Todas as religiões monoteístas, em algum momento da sua história, tiveram uma atitude violenta e excludente em relação às imagens. Aparentemente, a problemática que os monoteísmos desenvolvem se refere à ameaça que as imagens alocam ao deus que propõem. Sendo único, talvez, seja um Deus mais vulnerável. Sendo único, concatene, talvez, o fulcro de todas as representações. Para se afirmarem, essas religiões monoteístas precisam negar a imagem. Elas eram vistas como um sucedâneo, como uma ameaça à unidade – e, portanto, à coerência – de toda representação. A imagem poderia evocar a idéia de uma duplicidade de deus, ou de uma condição de emanação autônoma de deus, um semideus, por exemplo, ou, ainda, um outro deus.
Lembremos que a natureza própria da imagem é ambivalente. O antropólogo Jack Goody trata dessa ambivalência própria das imagens. Ele observa que as imagens nascem por meio de uma atitude que visa a representar o que está ausente.
Podemos dizer que as imagens encarnam o imaterial e, assim, são e não são ao mesmo tempo. E isso é uma condição que nenhum outro ser, ou nenhum outro ente, possui.
Isso tudo é paradoxal porque a ambivalência da imagem não é, simplesmente, um doutrina. Ela é real. Ela é empírica, ela é a própria condição de existência da imagem. E, como tal, é o próprio coração desse sistema de pensamento que é o monoteísmo. Ou seja, o monoteísmo parece surgir com uma consciência aguda dessa situação de paradoxalidade de tudo que é representação.
Assim, na verdade, os monoteísmos são sistemas de pensamento que fazem, na verdade, um grande uso da imagem.

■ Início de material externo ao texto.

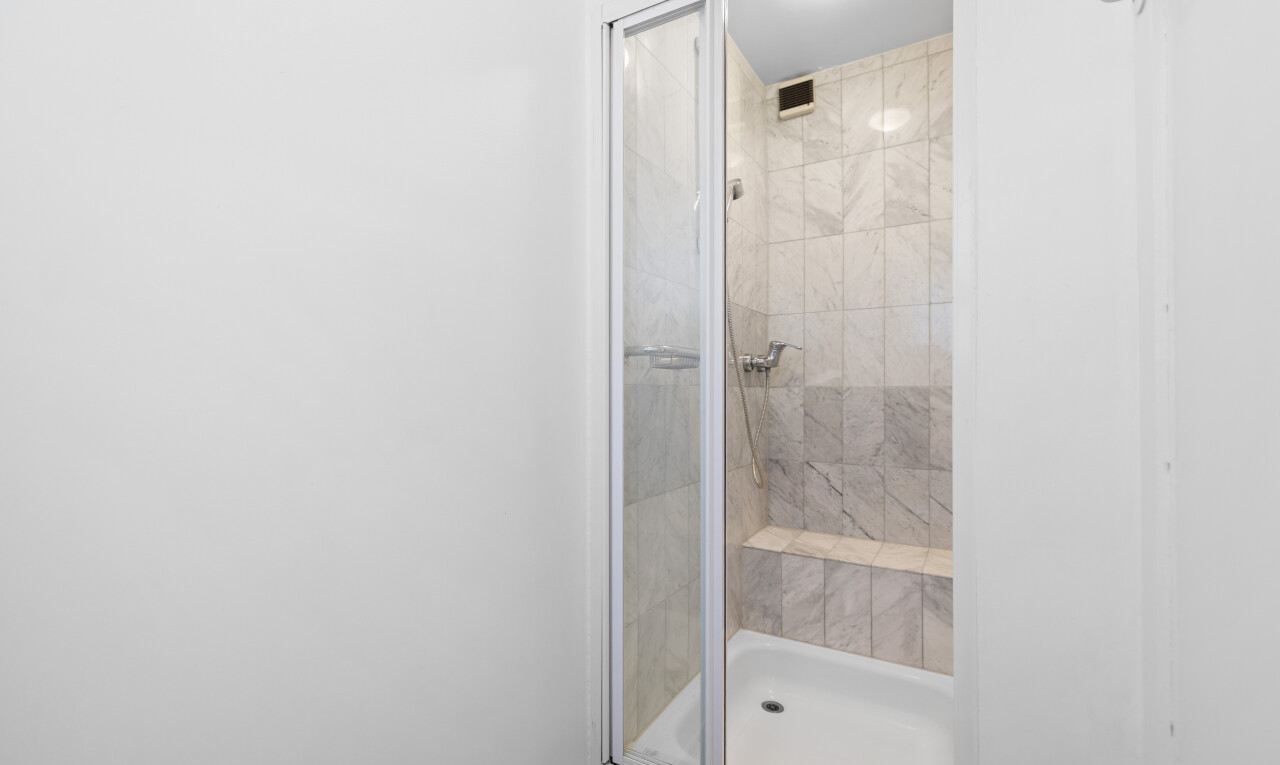salle de bains avec douche, salle de bain complète, cloison sèche, drywall, et inside property
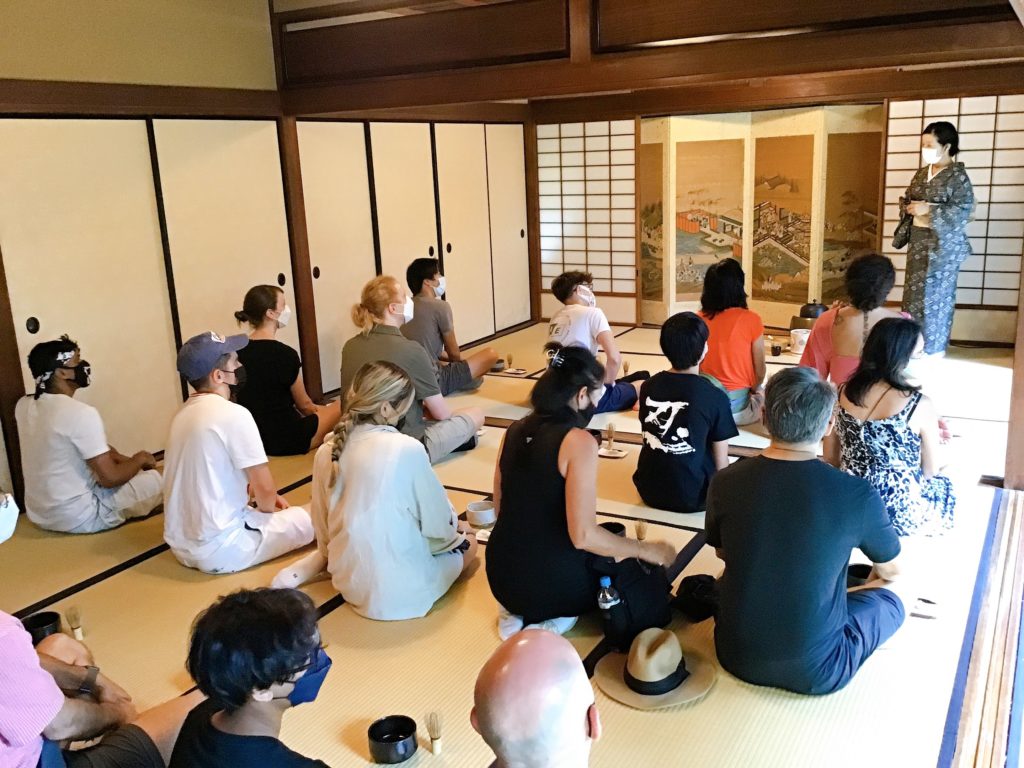 Tea Ceremony (Casual Clothes) for Groups Kyoto Maikoya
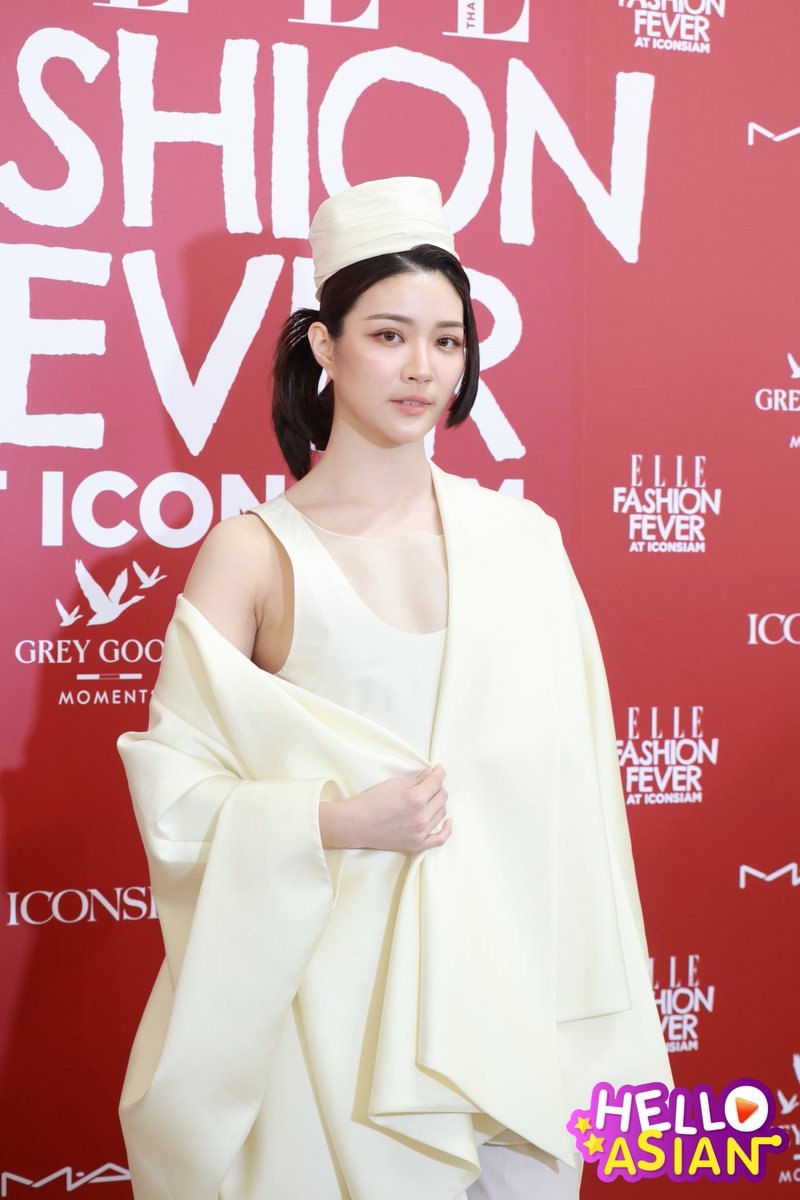 Hello Asian tweet media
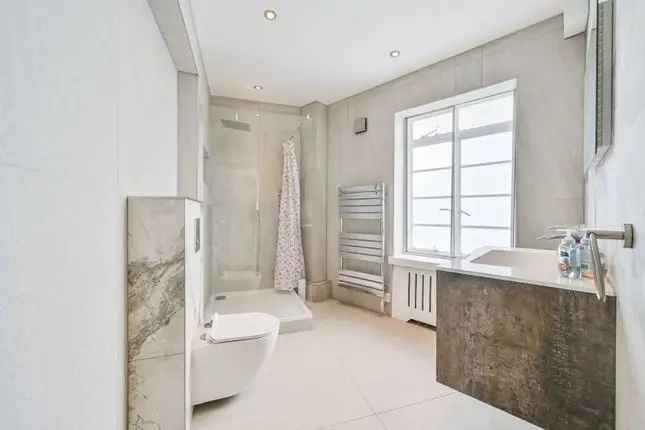 Flat for sale in Park Road, Baker Street, London NW1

Para ilustrar essa tendência, lembremos que as primeiras imagens da iconografia cristã, surgidas por volta do ano 200, figuravam raramente Jesus Cristo e não figuravam, jamais, a Deus, mas figuravam com muita propriedade, com muita exatidão, aos seres humanos, notadamente em seu ato de reza, em sua experiência concreta de fé. Seguindo a mesma tendência, essa iconografia figurava bastante os episódios bíblicos, ou seja, episódios do humano. Assim, essas imagens representavam, apenas, pessoas correlatas às que as representavam. Isso trata-se, obviamente, de imagens que são signos, que são códigos que dirigem a inteligibilidade, a inteligência.